May 26, 2021 —
This map created from a digital tracking tool shows the density of maritime traffic in and out of Delaware Bay overlaid with black grid-blocks locating proposed wind energy areas off the coasts of New Jersey, Delaware and Maryland. The image is from the Atlantic Coast Port Assess Route Study undertaken by the Coast Guard to address potential navigational safety risks associated with offshore wind energy development. Graphic courtesy of National Oceanic and Atmospheric Administration/MarineCadastre.gov.
American coastlines are more than recreation and fishing destinations. They are vital to the development of trade and renewable energy. Sea space is finite so locating offshore infrastructure, such as offshore energy facilities, is a complicated balancing act. The Coast Guard provides input to the offshore energy development planning process because every change in the offshore environment has the potential to impact navigation safety.

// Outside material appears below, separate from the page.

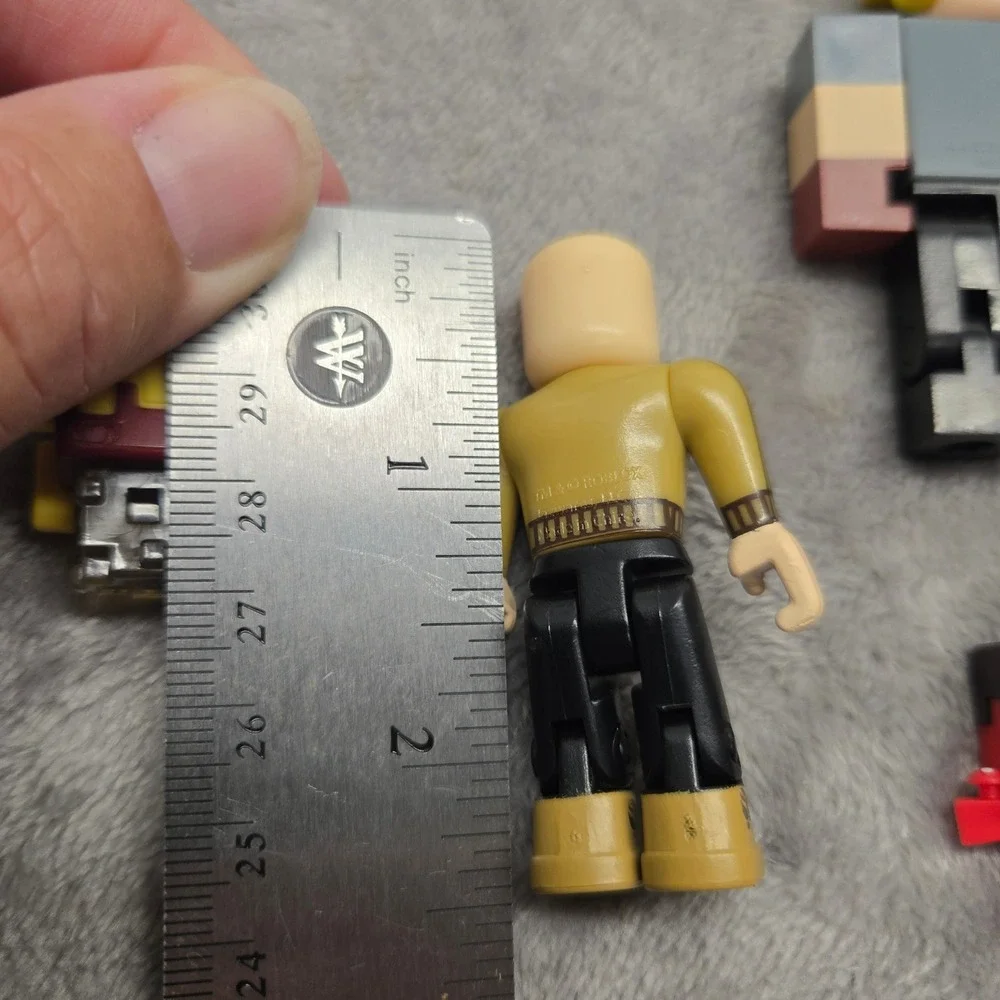 Roblox Jazwares Action Figure Lot of 4 Construction Worker Sunglasses Figures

In December 2020, the Coast Guard Research and Development Center (RDC) completed a multi-year project that supported those capability needs, and its recommendations are already being implemented operationally. The Department of Interior’s “Smart from the Start” initiative puts an emphasis on offshore renewable energy installations such as wind turbines. Anticipating an increase in the number and scope of these projects, the Coast Guard determined that reliable tools were needed to more accurately assess the associated potential changes in navigation safety risk.
“The Coast Guard has a responsibility to review offshore energy development plans because of the risks they may pose to the marine transportation system and Coast Guard missions,” said Christine Hansen, the RDC research lead on this project. “With increasing growth in this area of development, the Coast Guard must have the best tools and procedures in place to provide the best consultative review of the development proposals.”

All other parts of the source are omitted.